A trichotomy of attitudes for decision-making under complete ignorance

Abstract

We study decision criteria under complete ignorance, that is, when there is no available information regarding plausible probability distributions over the possible outcomes. We characterize the set of criteria satisfying quasi-transitivity, Savage’s independence, duplication, a strong version of dominance and scale invariance. Only three criteria satisfy these requirements. These criteria are the well-known protective criterion, its dual criterion which we call hazardous, and a neutral criterion which is the composition of both (a decision is strictly preferred according to this criterion to another one if both the protective and the hazardous criteria strictly prefer the former).

Introduction

A situation of uncertainty is said to be of complete ignorance when no information regarding the probabilities of the possible states is available. Understanding rational decision-making under uncertainty, and therefore, under complete ignorance as well, is an old objective in economic theory.

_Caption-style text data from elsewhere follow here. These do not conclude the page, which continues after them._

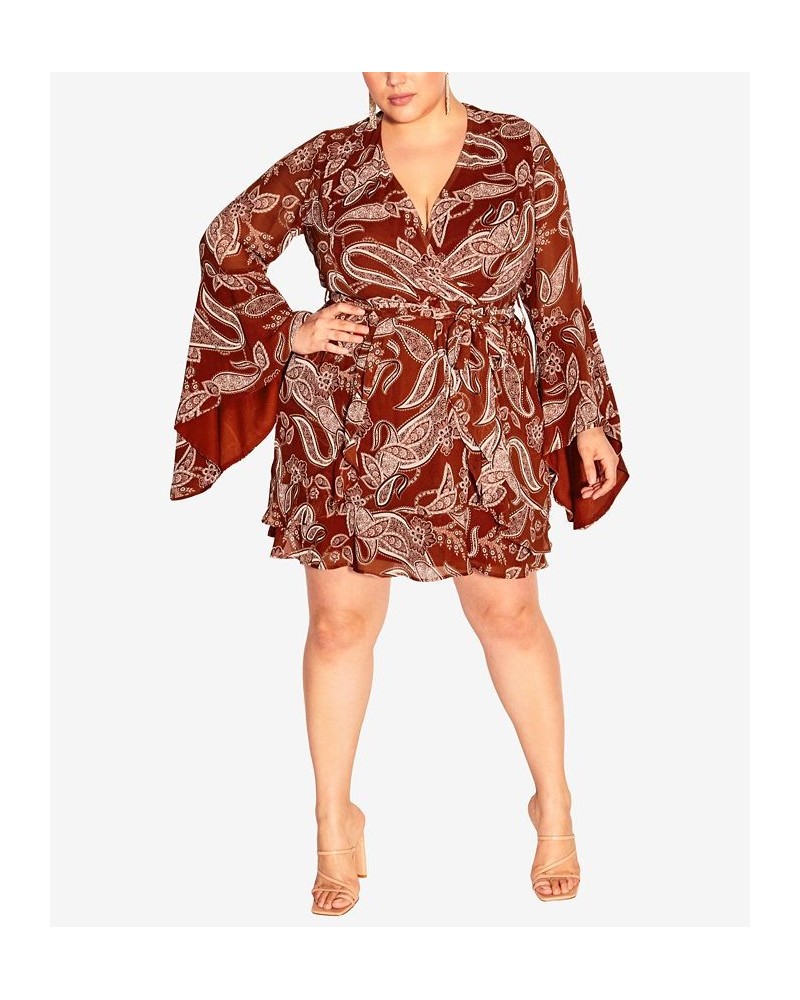 Trendy Plus Size Paisley Mini Dress Ginger Paisley $45.15 Dresses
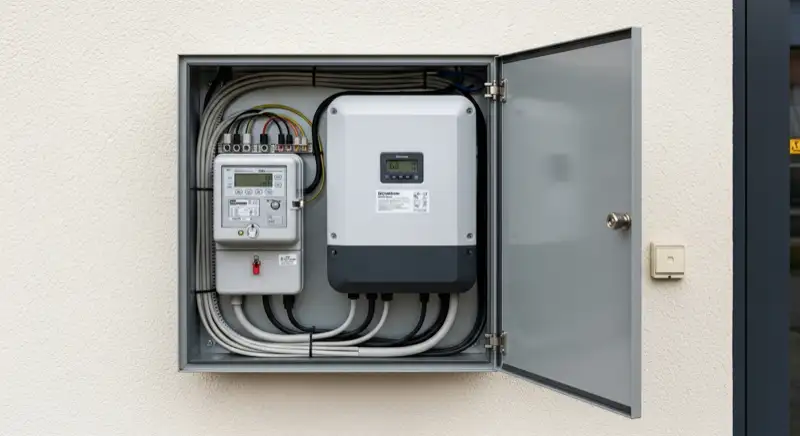 Modern German electrical meter cabinet (Zählerschrank) with smart meter and solar inverter connection, clean technical installation
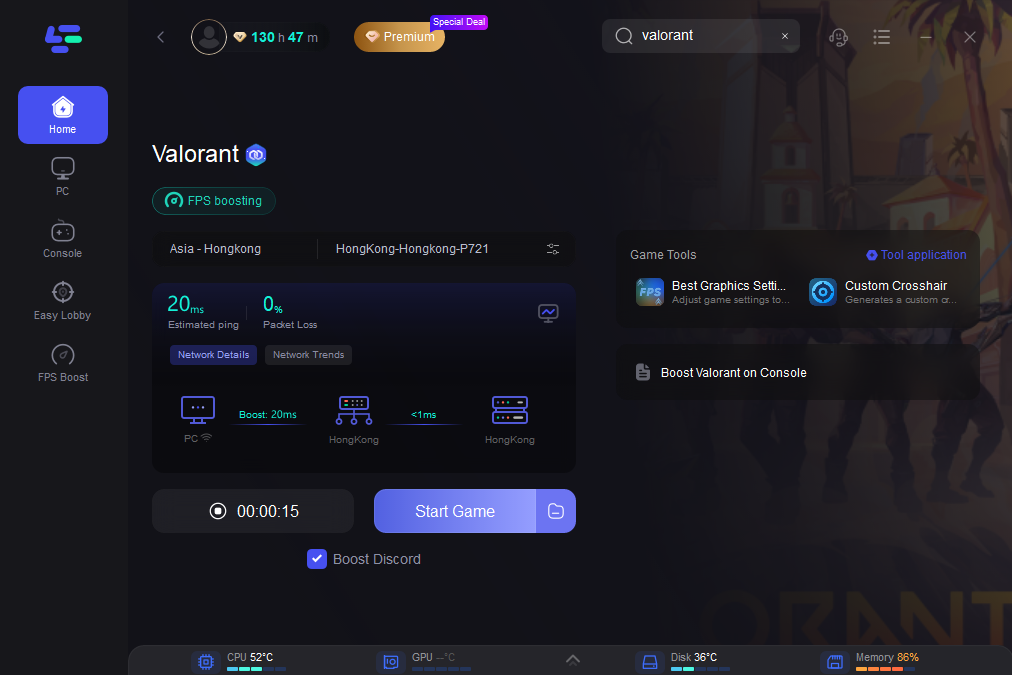 Click Start Game to enjoy smooth Valorant gaming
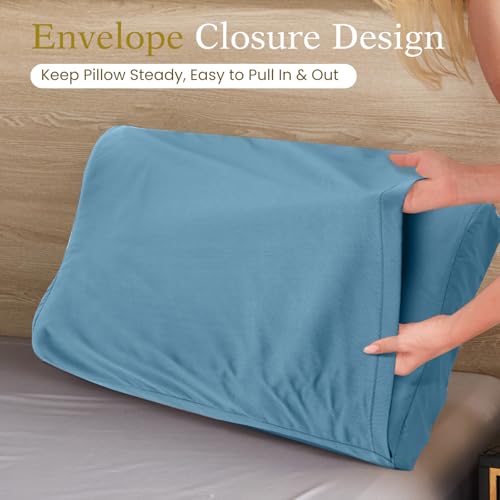 Image of Contour Cervical Pillowcase- Rayon Derived from Bamboo Pillow Case Cover for Contour Cervical Neck Pillow- Breathable Silky Soft Pillowcase for Hot Sleepers,24 x14 x5 /3.7 Inches 1 Piece Aqua Blue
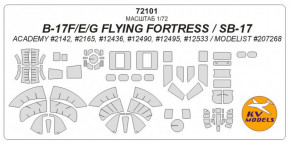     B-17F/E/G Flying Fortress/SB-17 (ACADEMY, MODELIST) KV Models (KVM72101)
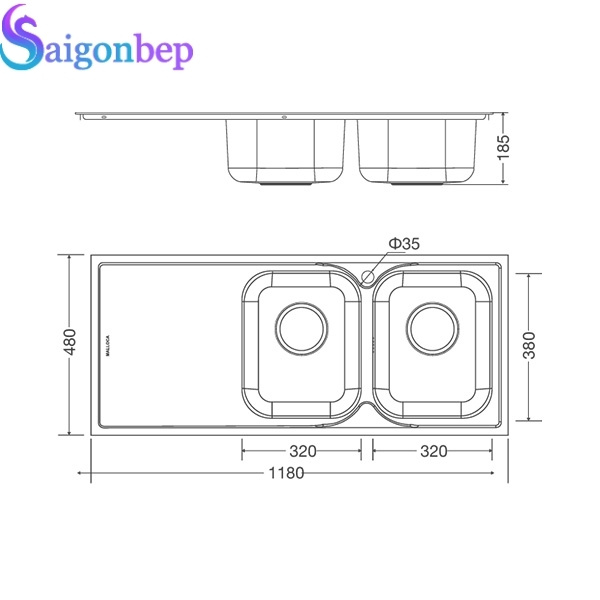 Chậu rửa chén Malloca MS 1026L
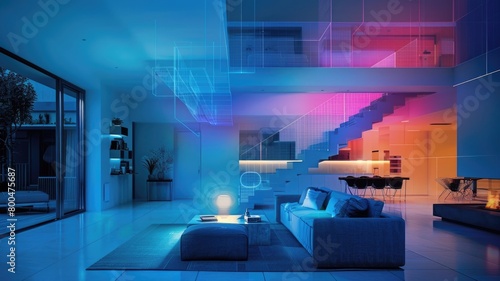 futuristic home with smart devices seamlessly connected through an invisible optical network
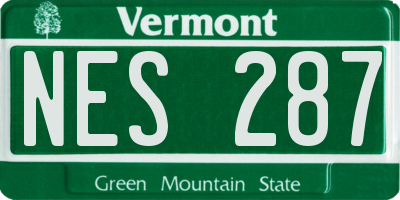VT license plate NES287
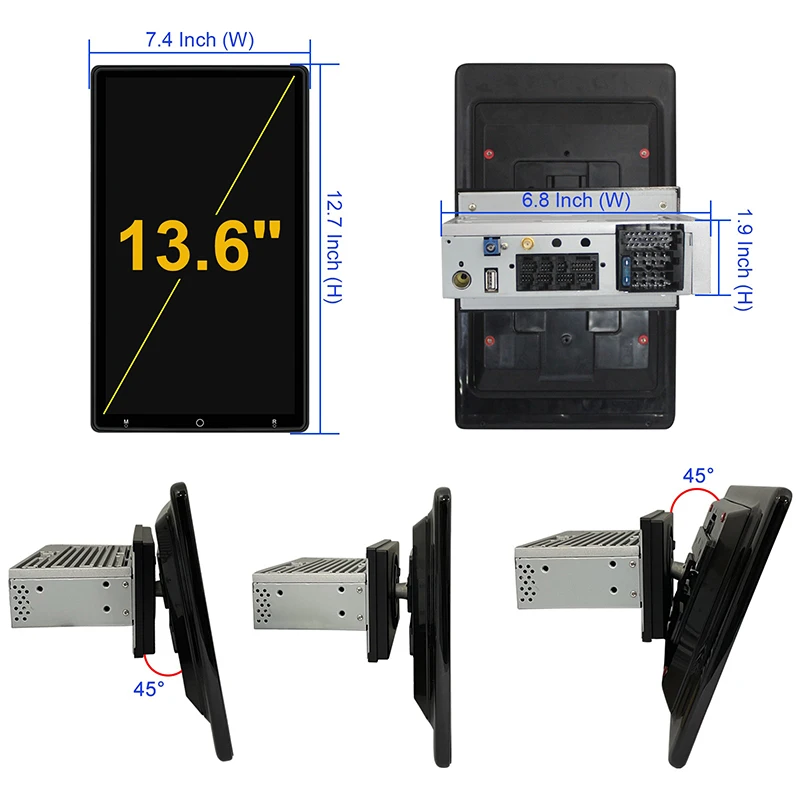 13.6Inch Car Radio For Universal Manual Adjustable Front Panel GPS Nav Car Multimedia Player WIFI DSP Wireless Carplay Head Unit
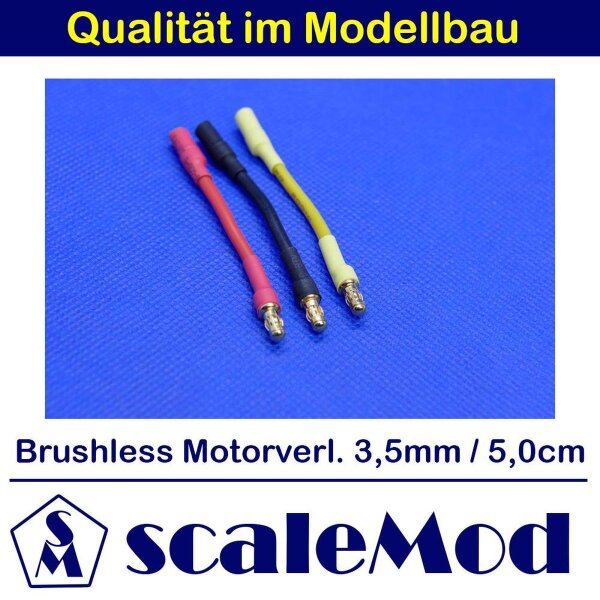 scaleMod Brushless Motorkabelverlängerung 16AWG 3,5 mm 5cm (3 Stk, je 1x rot/sc  ( SC.11.0062 )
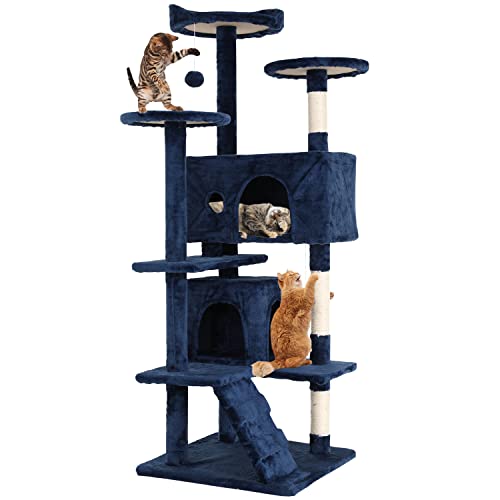 ASHY 54in Cat Tree with Scratching Post for Indoor Cats I993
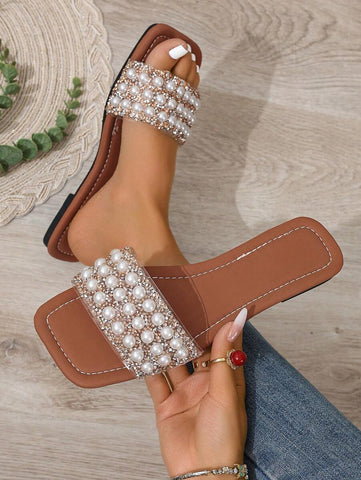 Sandálias Planas Estilo Coreano Para Mulheres, Chinelos De Praia De Verão Com Dedo Aberto, Novas Sandálias Romanas De Tricô De Outono, Sapatos Femininos Elegantes Para Saias, Praia Ou Férias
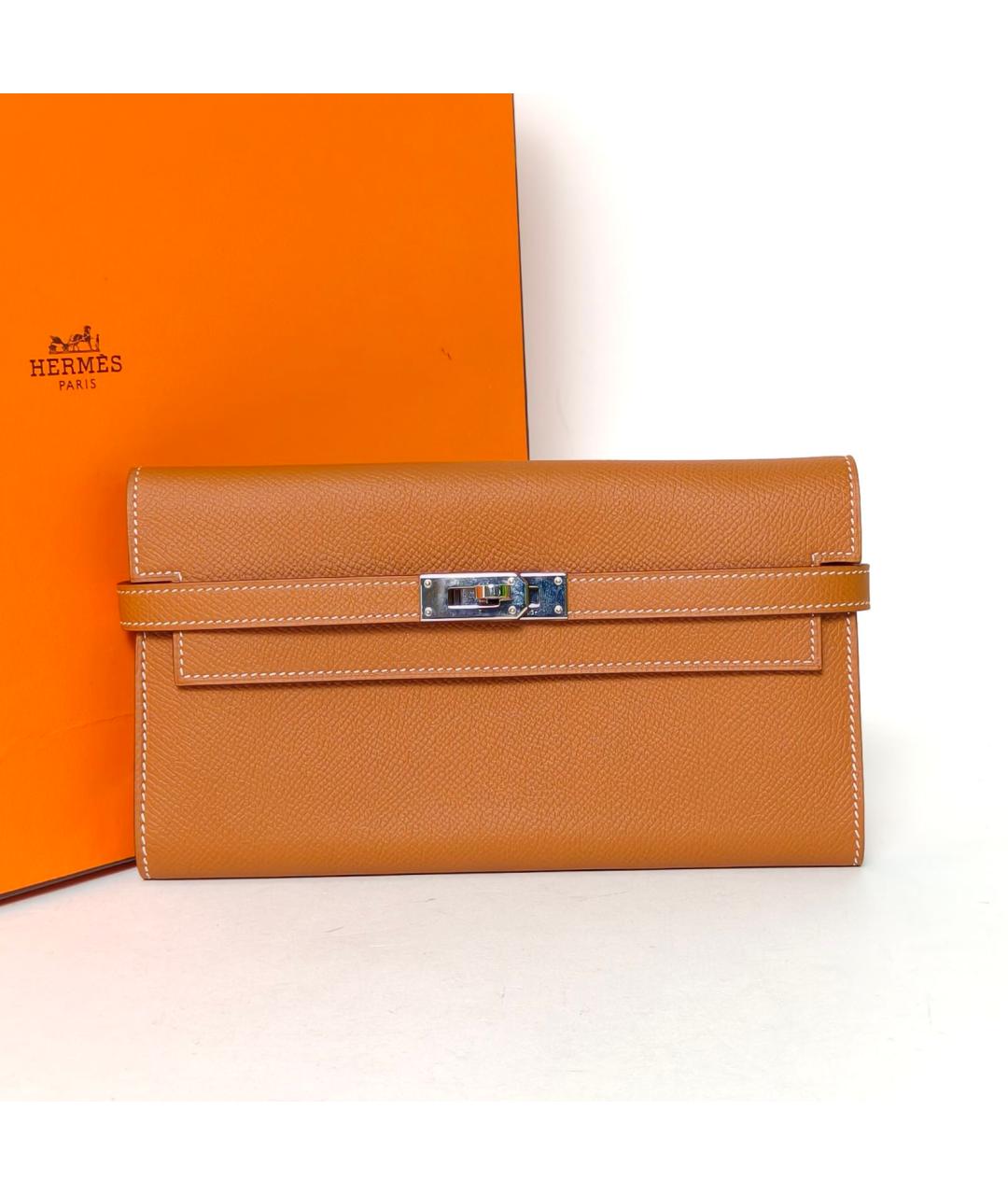 HERMES Коричневый кожаный кошелек, фото 9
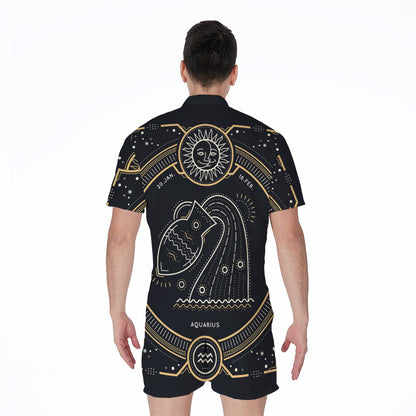 Vintage Aquarius Zodiac Sign Print Men's Rompers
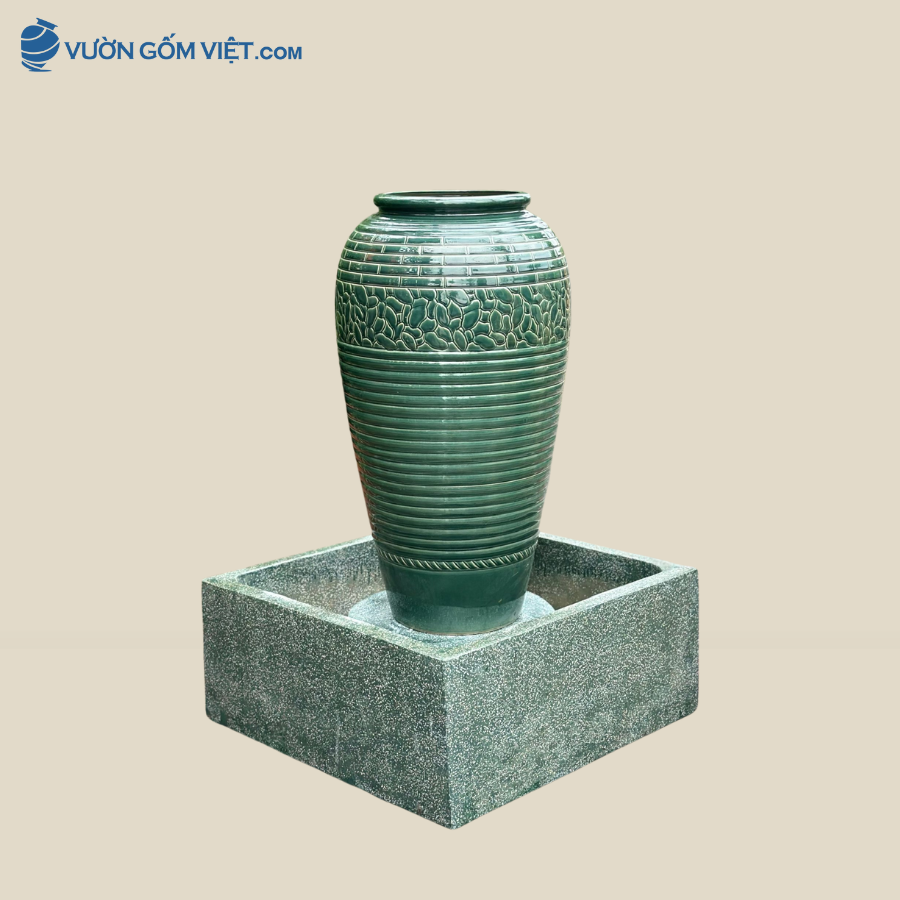 Bộ Lu Nước Phong Thủy Sọc Vân Đá Xanh ( 90cm )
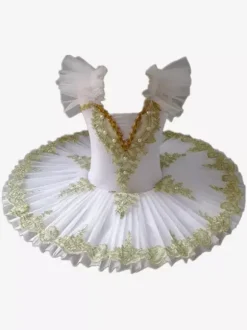 Ballerina Swan Lake Costume Dress Tutu Ruffle Sleeve Light Sky Blue Girl's Kid's Ballerina Ruffles Pearls Lace Floral Print Polyester Dress Dancing Wear
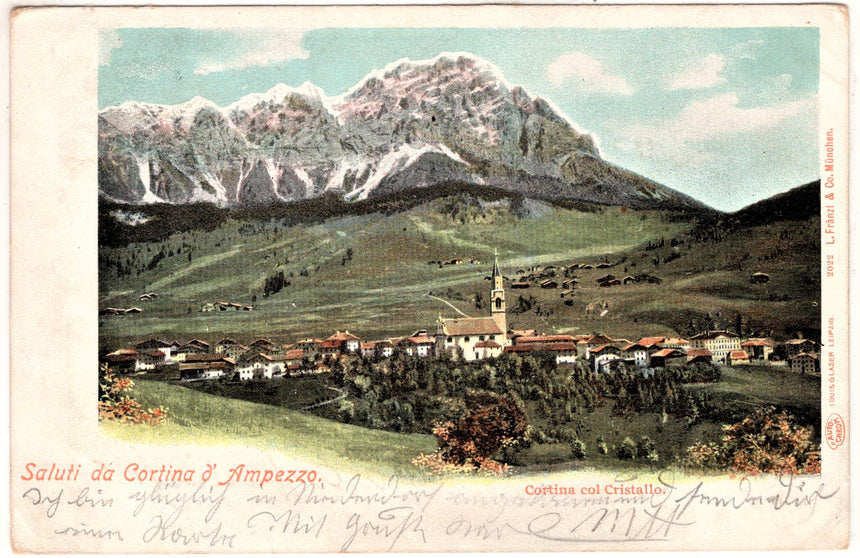 Cartolina antica Cortina Saluti da Cortina d Ampezzo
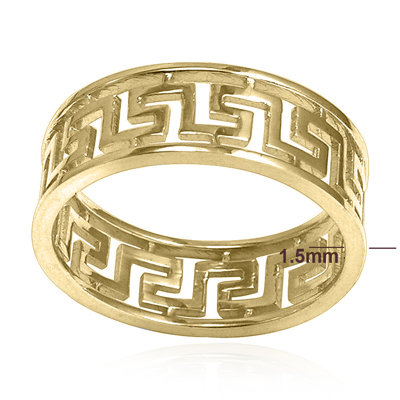 Men's 14k Yellow Gold Greek Key Ring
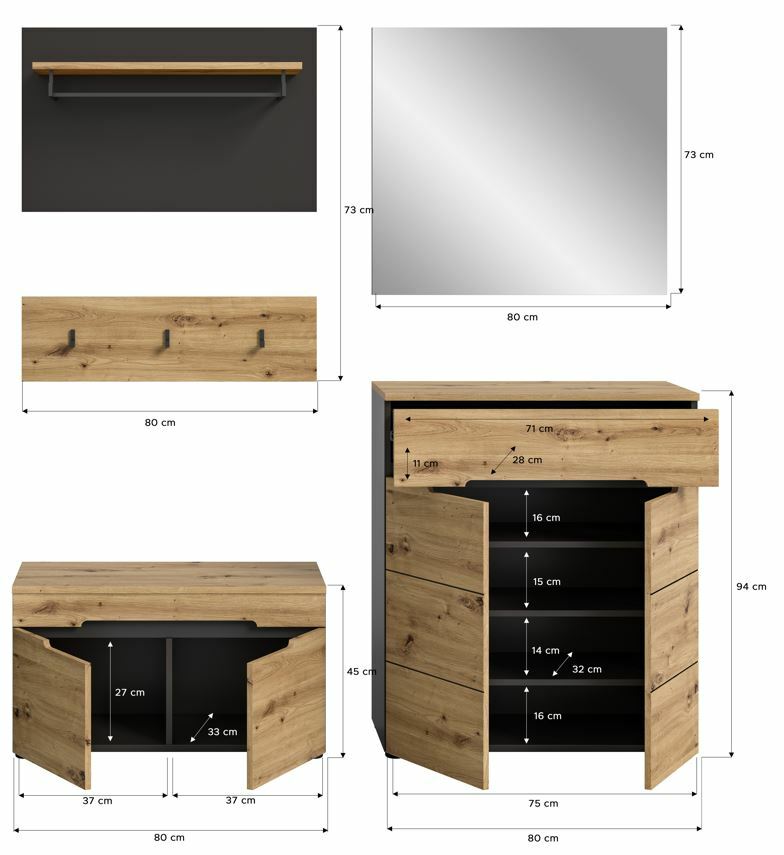 Garderobenkombination mit Holzoptik, bestehend aus einem Spiegel, einer Wandgarderobe mit Haken, einem Schuhschrank und einem Regalbrett. Frontansicht.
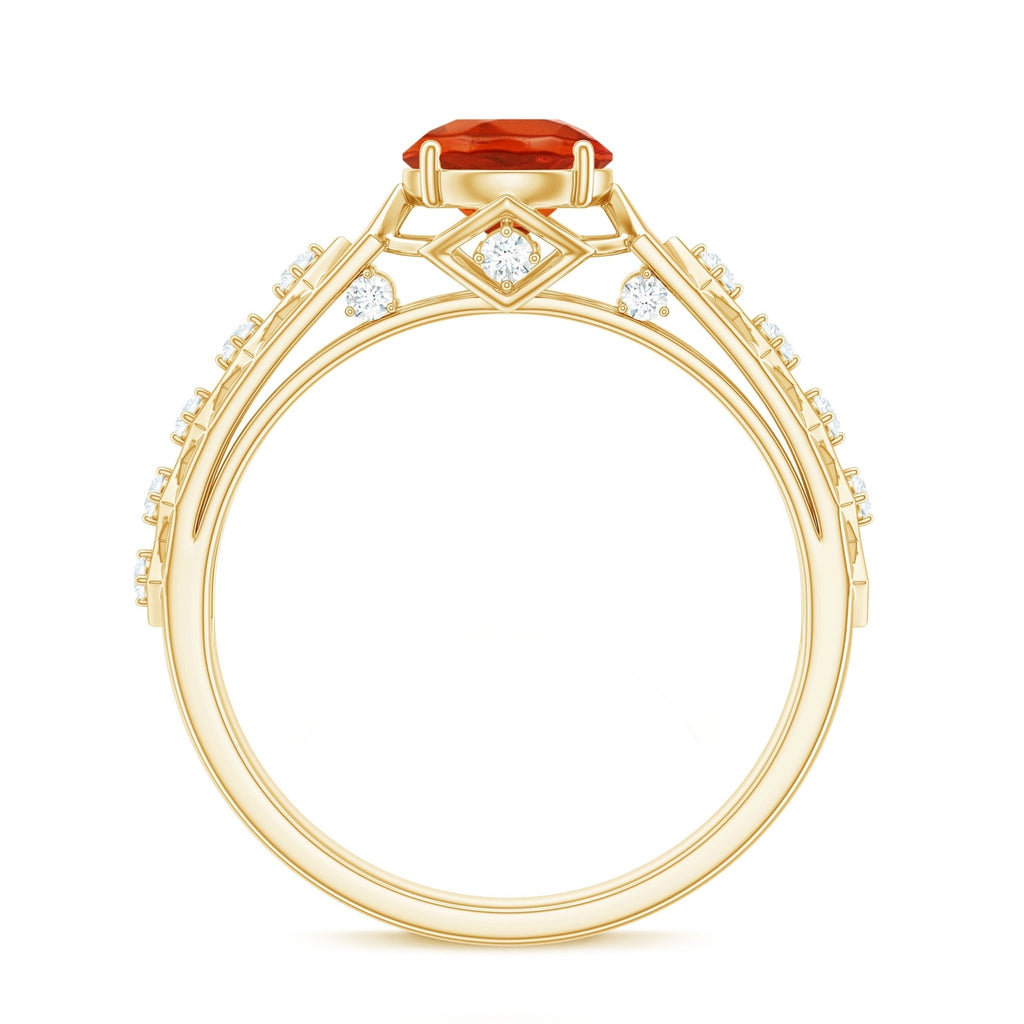 0.7 Carat Solitaire Fire Opal and Diamond Art Deco Engagement Ring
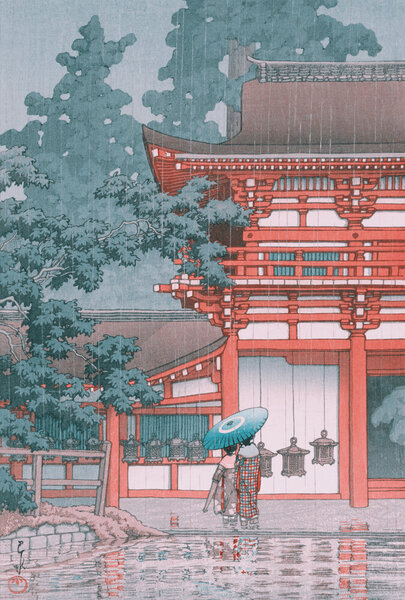 Photocircle Poster / Leinwandbild - Rain at Shiba Zojo Temple by Hasui Kawase von Photocircle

In the branch of the literature initiated by Savage (1954), rationality is assumed to imply that the decision criterion is transitive and satisfies Independence (his sure-thing principle). In another branch of the literature, the very essence of rationality under complete ignorance is captured by a Duplication property (see Luce and Raiffa, 1957 for an introduction to this classical literature). A decision criterion satisfies Duplication if the preference between two possible decisions is not affected by the replication of a state of nature, that is, by the appearance of a new state of nature which associates with each decision exactly the same utility level as an already known state. If, for instance, an expert provides a new scenario for the future, but the outcomes associated to each decision under this scenario are indistinguishable from the outcomes associated with the decisions under the scenario previously provided by another expert, then the new scenario should be considered uninformative and the preferences towards decisions should not change.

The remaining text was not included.